Stored data entries
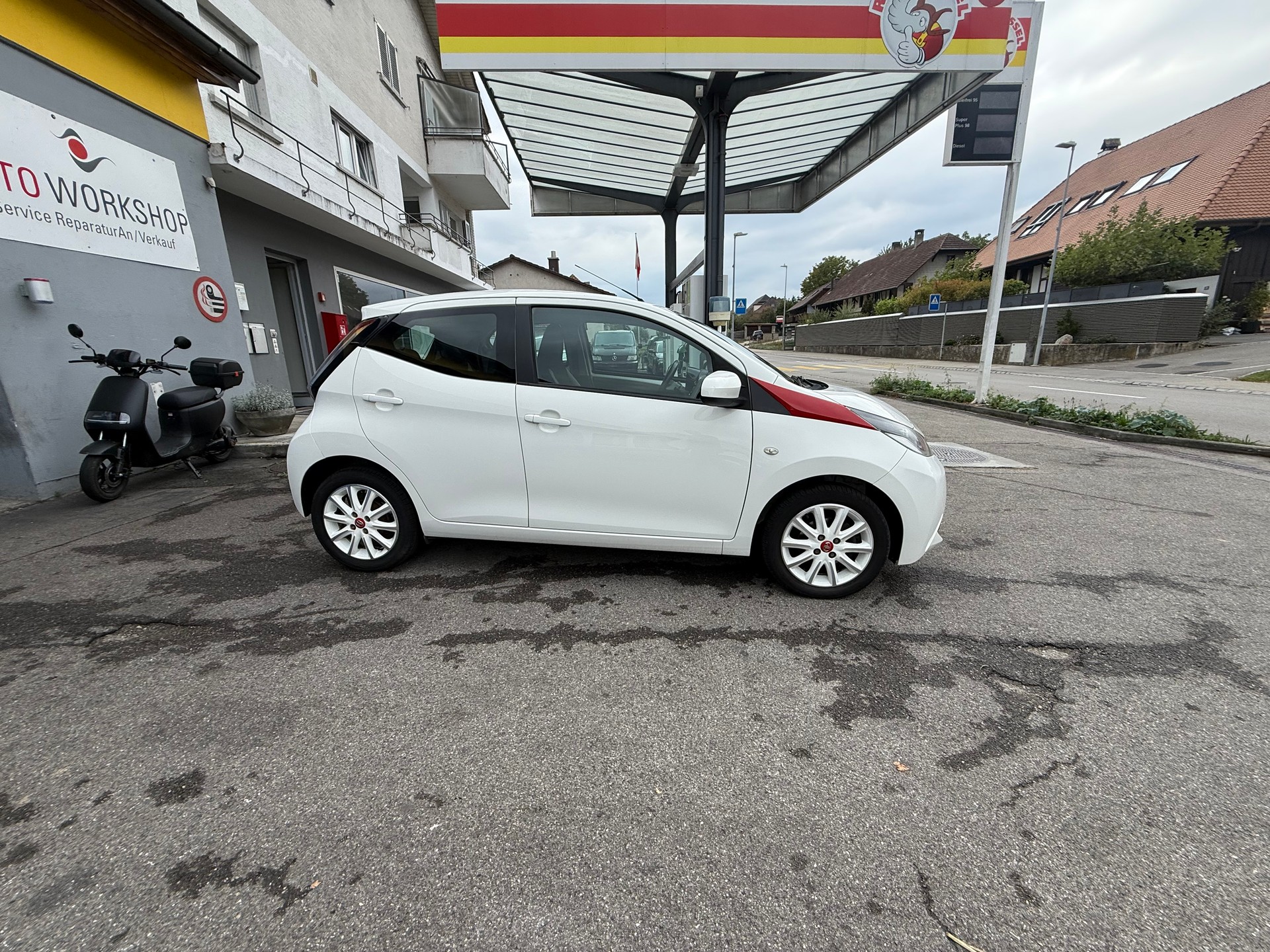 TOYOTA Aygo 1.0 VVT-i x-play-image-1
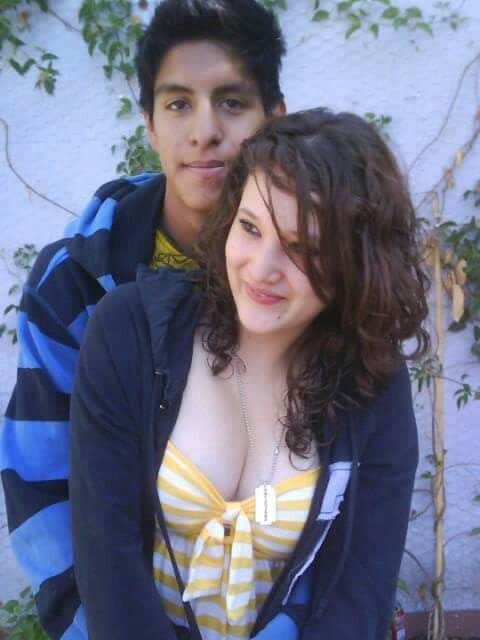 Su primera foto al ser novios - 1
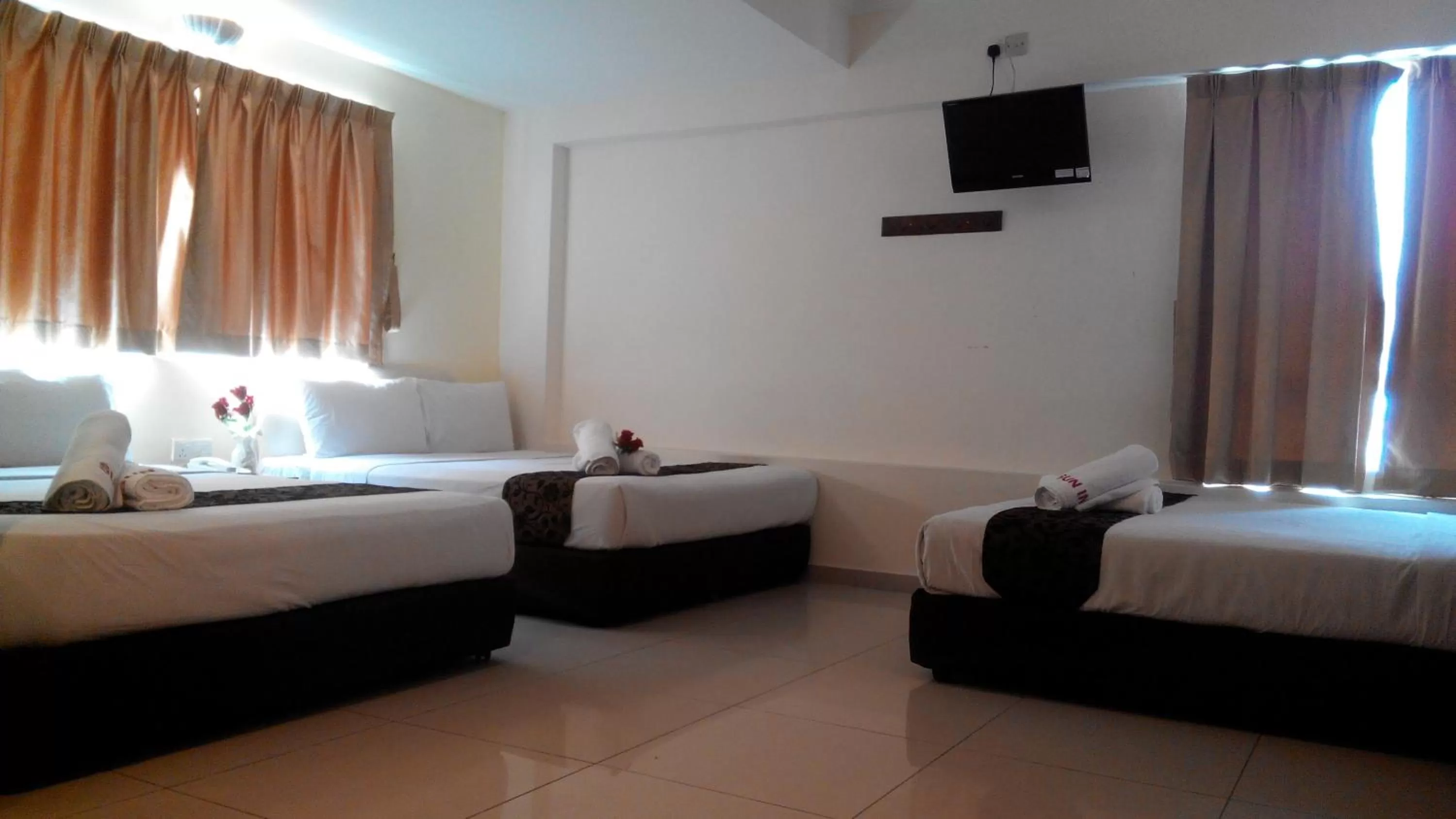 bunk bed, Bed in Sun Inns Hotel Kuala Selangor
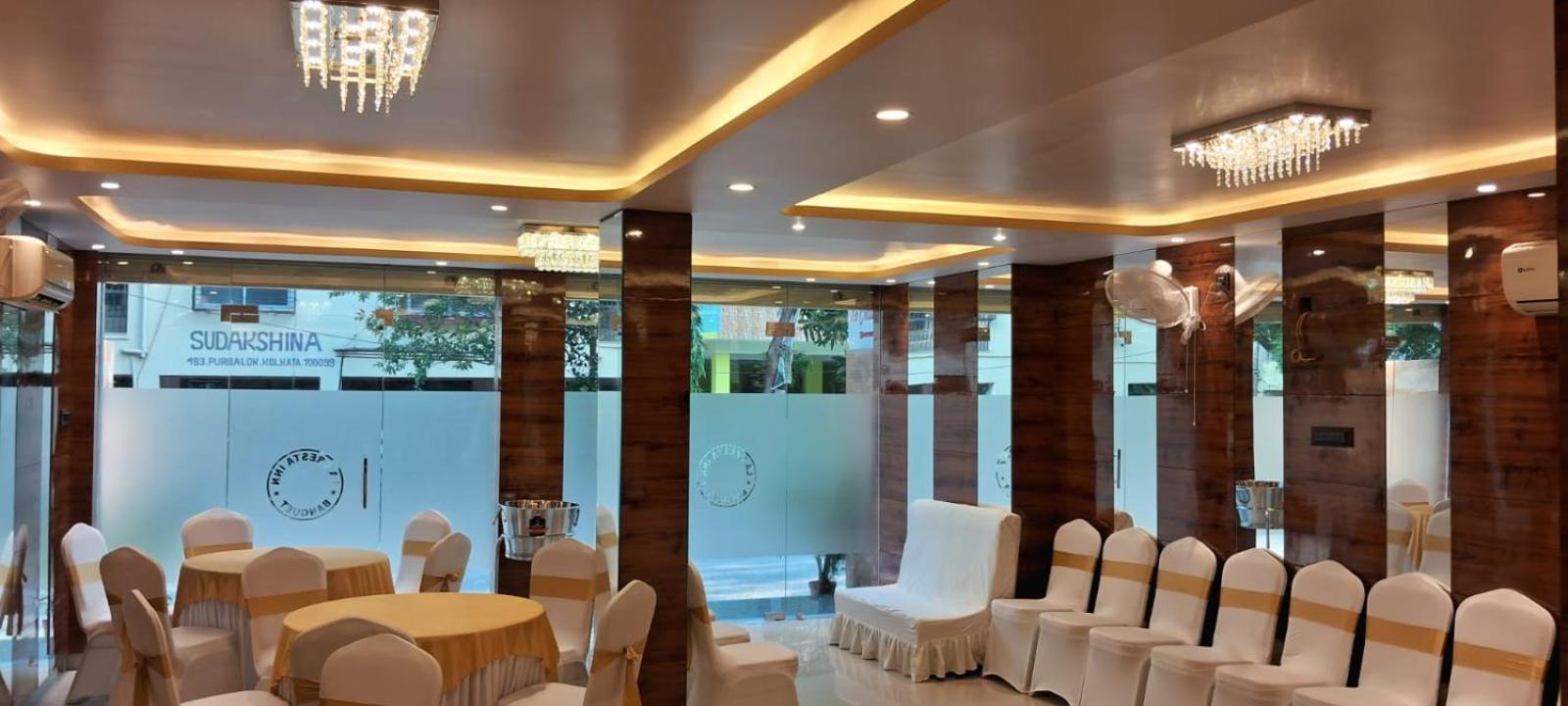 La Cresta Inn Kolkata Exterior photo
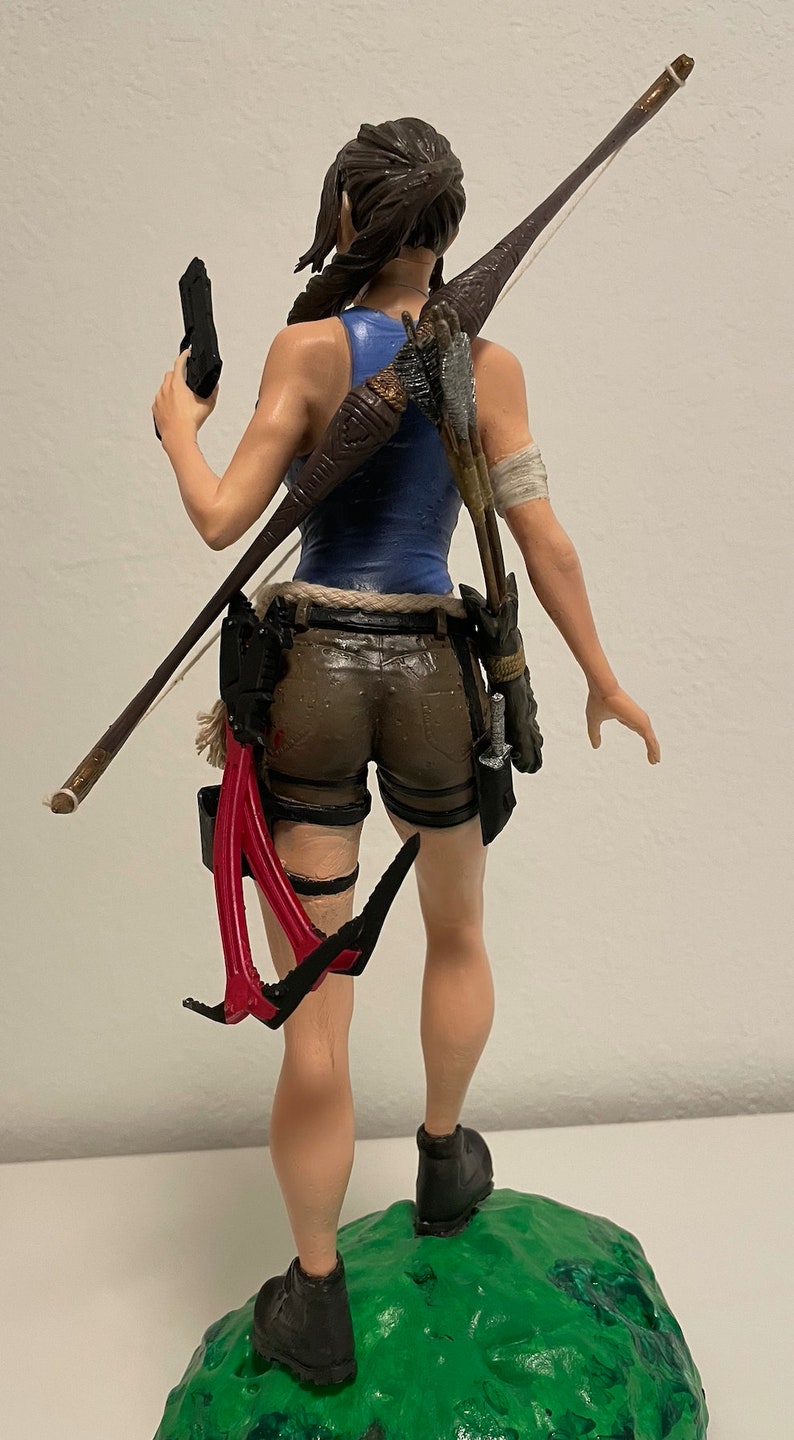 LARA CROFT Tomb Raider Harzfigur 14 Bild 2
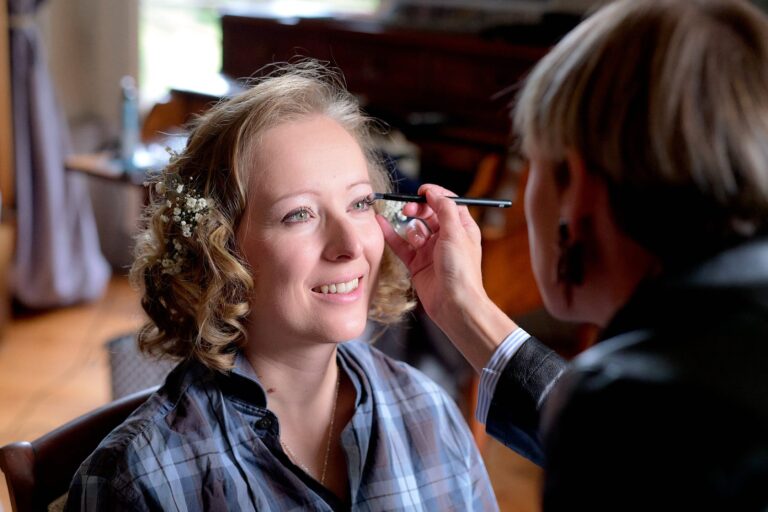 Maquillage d'une mariée lors des préparatifs.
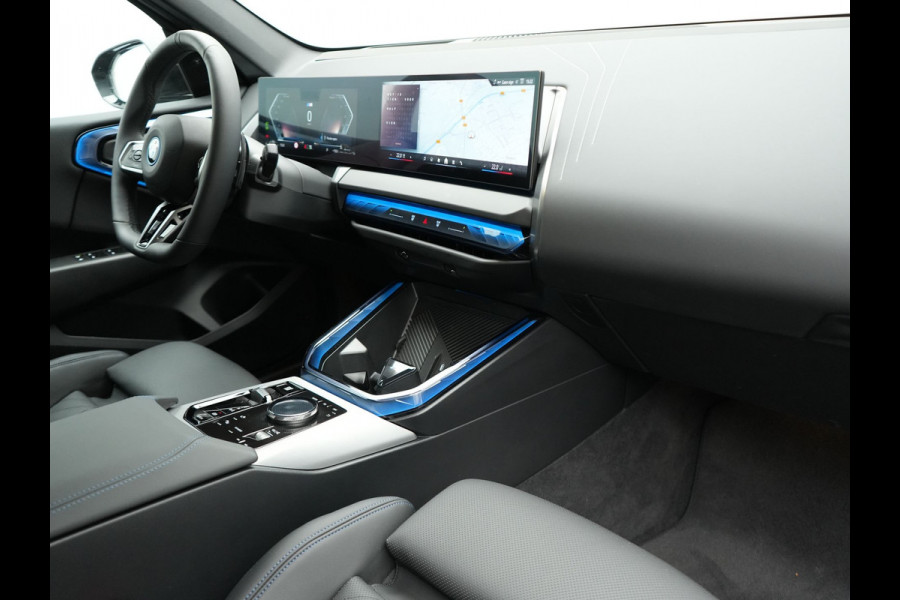 BMW X3 30e xDrive M Sport PRO Plug In Hybrid 299pk PHEV | Trekhaak af Fabriek | Adaptive Cruise | 21" L.M | | Lederen Sportstoelen Memory & Ventilatie | Head Up | 360 Camera | Harman Kardon |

▶ [Directions for this task]: The lines to copy begin at the one containing "Su primera foto al ser novios - 1" and end at the last line of the records. Set down exactly those lines and no others, both ends included, and omit all pictures.

▶ [Answer section]:
 Su primera foto al ser novios - 1
 bunk bed, Bed in Sun Inns Hotel Kuala Selangor
 La Cresta Inn Kolkata Exterior photo
 LARA CROFT Tomb Raider Harzfigur 14 Bild 2
 Maquillage d'une mariée lors des préparatifs.
 BMW X3 30e xDrive M Sport PRO Plug In Hybrid 299pk PHEV | Trekhaak af Fabriek | Adaptive Cruise | 21" L.M | | Lederen Sportstoelen Memory & Ventilatie | Head Up | 360 Camera | Harman Kardon |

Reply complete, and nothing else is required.